In all objectivity, this seems like the most rational thing to do.
Now that you can have good translation by AI, why would anyone want to waste their time on localization?
As a translator, I have to say machine translations are really good if you just want to get the gist of things. If all you want is to understand 90% of what’s written and you can live with the margin of error, then I’m not gonna try to convince you to hire me.
But if you need to understand 99.9% then a human is required because a machine just will not understand the nuance or have a larger context unless instructed. Localizing is another issue too, you’ll have to take into consideration the cultural nuance of the target language. Localizing software is even more niche because you’re often limited in character count for the source language which machines often misunderstand, and the same limitation for the target language that a machine may not account for.
tl;dr - hire me if you want good localization
I see the bots are commenting on lemmy.
The main issue, and this is also mentioned in the blog post, is that the bot only does translation and not localisation.
The first is just taking the words from one language and changing to another.
The second is to actually make sure the text in the new language makes proper sense. Maybe the English article uses some analogy that does realy make sense in the new language. Localisation is to find some other suitable analogy to use instead, so that the point from the main article is kept, but it still makes sense.

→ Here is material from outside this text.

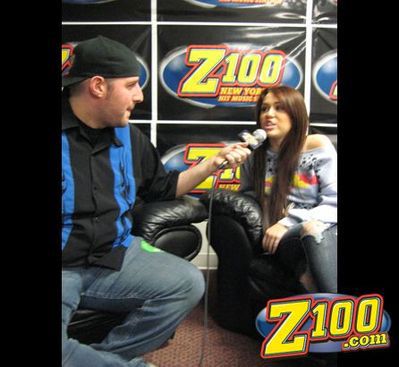normal_6 - Talking to JJ at Z100 New York Backstage on Tour 2009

I do some volunteer work on localizing for Welsh and some Spanish. AI translations are hot garbage still even for the larger languages like Spanish. You can get a general idea of the intent most of the time, but that’s about it. It’s nowhere near good enough to replace humans with yet, definitely not good enough to overwrite what they’ve already translated.
I’ve never seen any machine translation that I would consider anywhere near good.
deepl.com (text translation) has been useful to me
It is good, specially on mid size text. But it is not good enough. When text is long or too short, it gets lost and makes tons of context mistakes. It also tends to be unnatural for the target language preferring original language phrasing.
I have to admit I’ve only ever used it to translate a paragraph or two at a time… where I was just looking for the gist of a text.
Not too surprising, considering that for centuries many people well-versed in two languages have made a very good living as translators … and often having to get delicate nuances across (for poets as well as statesmen). It’s as much art as science.